Riccardo Terzi*
Primero
El destino
de todas las palabras es ser superadas y consumidas por el tiempo, así acaban
siendo atrapadas en la banalidad vacía y redundante de la retórica. Por eso,
todo nuestro vocabulario debe ser redefinido para restituir a las palabras su
fuerza significante y discriminante. Las palabras, así, se han convertido hoy
en un campo de batalla donde se decide el sentido que queremos darle a nuestra
vida, a nuestro estar en el mundo.
La solidaridad: ¡cuántas veces se usa
y abusa de este concepto, como una especie de condimento sentimental que sirve
para endulzar la realidad, para neutralizar las contradicciones y las asperezas!
Con un pellizco de solidaridad todo se ajusta, todo queda justificado y
aceptado finalmente se pierde su verdadero sentido y lo que queda es sólo
retórica barata, que se desliza sobre las cosas sin dejar huella alguna.
Probemos ahora a explorar el sentido de la solidaridad y sus posibles
interpretaciones para entender qué puede significar concretamente en nuestra
vida colectiva.
Segundo
En primer lugar, ¿dentro de qué perímetro puede ser
ejercida? Si el perímetro es demasiado estrecho, la solidaridad acaba siendo
ahogada dentro de un angosto mecanismo de autodefensa y se convierte, así, no
en un gesto de apertura sino en su contrario: en una maniobra de enroque. Ya se trate de un clan familiar, de una
corporación, de una logia masónica o ya de una organización criminal, en todos
estos casos hay un rígido límite que separa lo que hay dentro y lo que está
fuera, y la solidaridad interna tiene como su inevitable consecuencia la
hostilidad hacia todo lo que está fuera de dicho límite. El trato dominante se
convierte entonces en una lógica de exclusión. Y esta lógica la encontramos en
las más variadas manifestaciones de nuestra vida social, ya que constituye una
dialéctica amigo / enemigo, dentro / fuera, porque toda comunidad se fundamenta
en el rechazo del otro.
Así ocurre, por ejemplo, en las las formas de
identidad étnica que basan su destino en una presunta pureza originaria, y que
por ello están siempre en guerra con todo lo que, desde el exterior, puede
perturbar esa identidad profunda y obscurecer sus raíces culturales o
religiosas, imaginarias con frecuencia y provinentes del mito.

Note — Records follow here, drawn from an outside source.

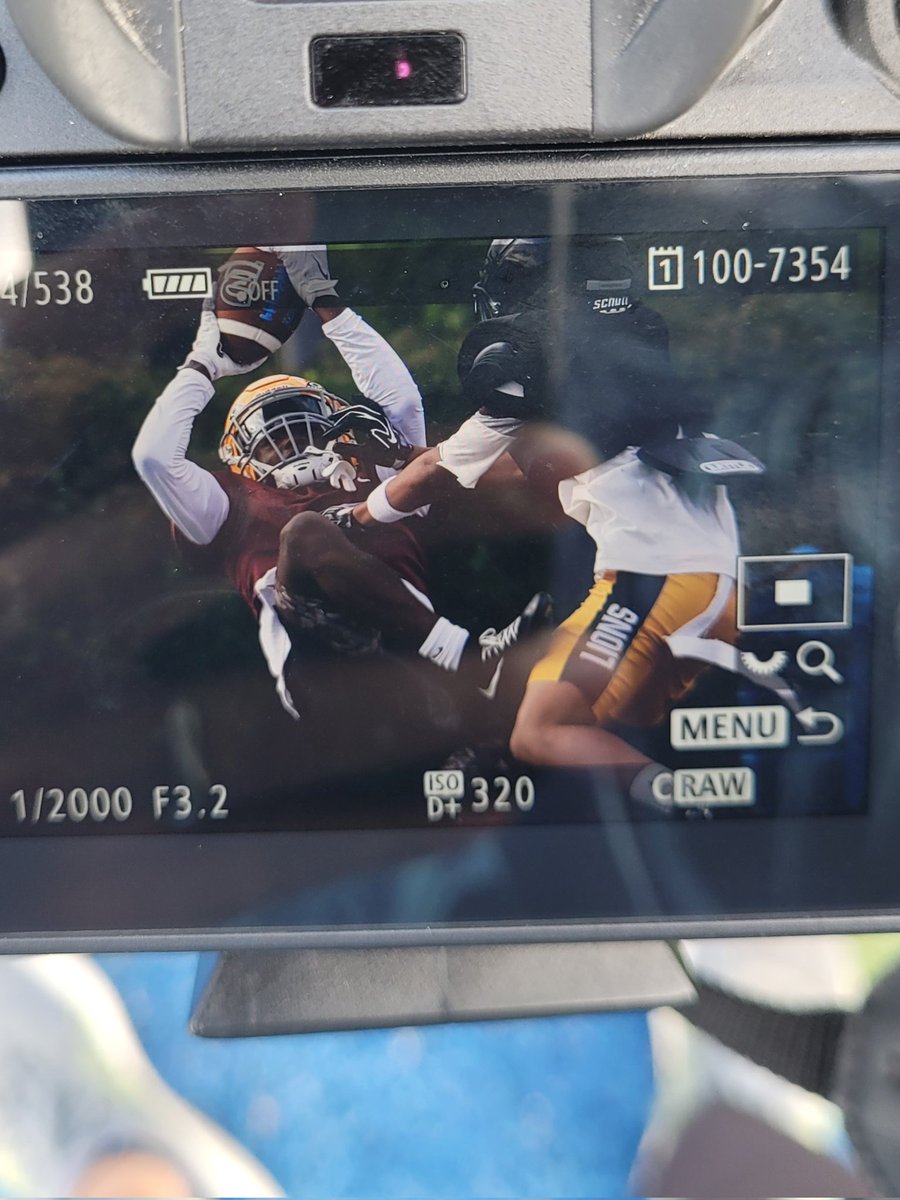 pHalfacre_STL's tweet photo. Anytime I cover Lutheran North, one of their receivers is making ridiculous catches https://t.co/H1ibl8eIya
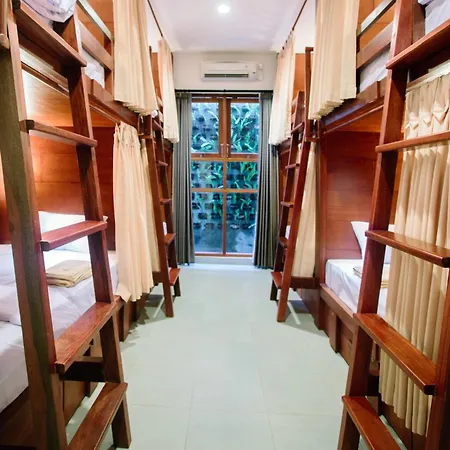 Pudak Sari Unizou Hostel-2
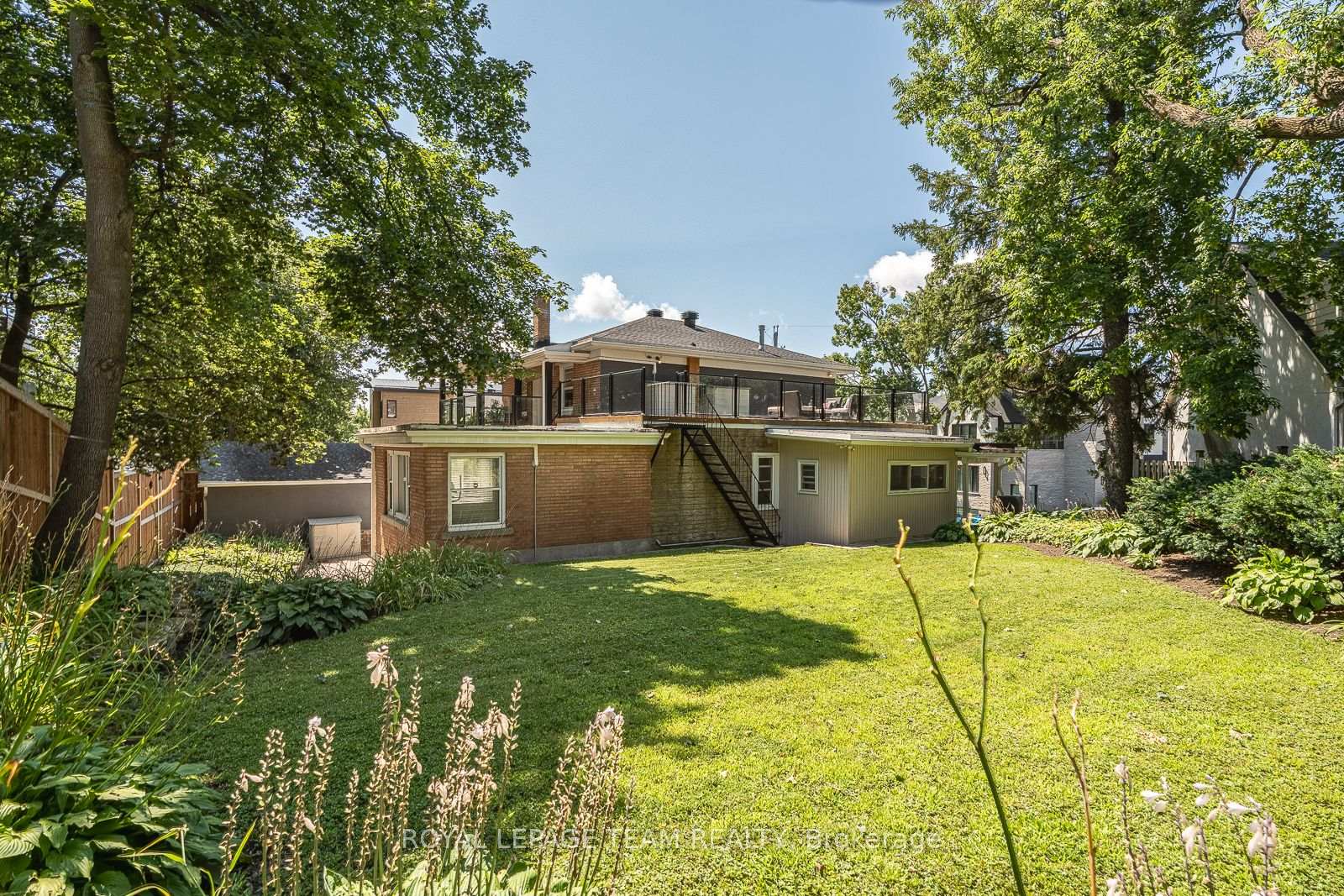 Photo 40 of 111 Ivy Crescent, Ottawa, Lindenlea — HOMEH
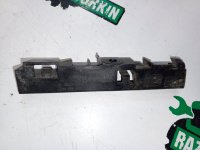 Audi / A6 / Крепление порога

El leguismo [el
autor se refiere al partido de la Lega Nord ,
N. del T.] ha ofrecido al Norte este modelo de solidaridad, donde la
intolerancia de matriz racista no es una desviación sino una componente
esencial que da coherencia y vitalidad a todo un modo de pensar, ya que es la
misma comunidad la que se define a partir de la identificación del enemigo.
Sin embargo, este mismo discurso vale para todos los nacionalismos, y si
la retórica separatista la sustituimos por la retórica patriótica no habremos
cambiado sustancialmente nuestro esquema mental.
Ahora bien, ¿hasta dónde se puede alargar el
perímetro de la solidaridad? ¿La respuesta a la cerrazón y a la intelorencia es
el universalismo, la idea de una solidaridad sin límites? Todos estamos llamados a responder
positivamente a este interrogante y sentir profundamente el valor de las
instancias universalistas, pero debemos advertir que incluso en esta noble
tensión ética hay una trampa, un vacío de la solidaridad como práctica real. Si
el límite se amplía desmesuradamente acaba siendo abstracta, teórica, porque ya
no tiene un objeto concreto y visible al cual dirigirse. Ya no existe “el
próximo” sino solamente una lejana nebulosa que no interfiere directamente en
nuestra vida.
Puede ser útil releer algunos momentos del Zibaldone, de Giacomo Leopardi, allí
donde el autor ironiza sobre la fábula del amor universal, que aparece como la
excusa ideológica, como sostén de la conducta egoista ya que el amor a todos
equivale al amor a nadie. El universalismo, así, corre el riesgo de ser una táctica
oportunista para tranquilizar la
conciencia sin poner verdaderamente en discusión las estrcuturas sociales
existentes y el propio estilo de vida.
Para Leopardi, que soñaba una posible emancipación
de Italia tras una larga decadencia, la nación era el lugar de la solidaridad.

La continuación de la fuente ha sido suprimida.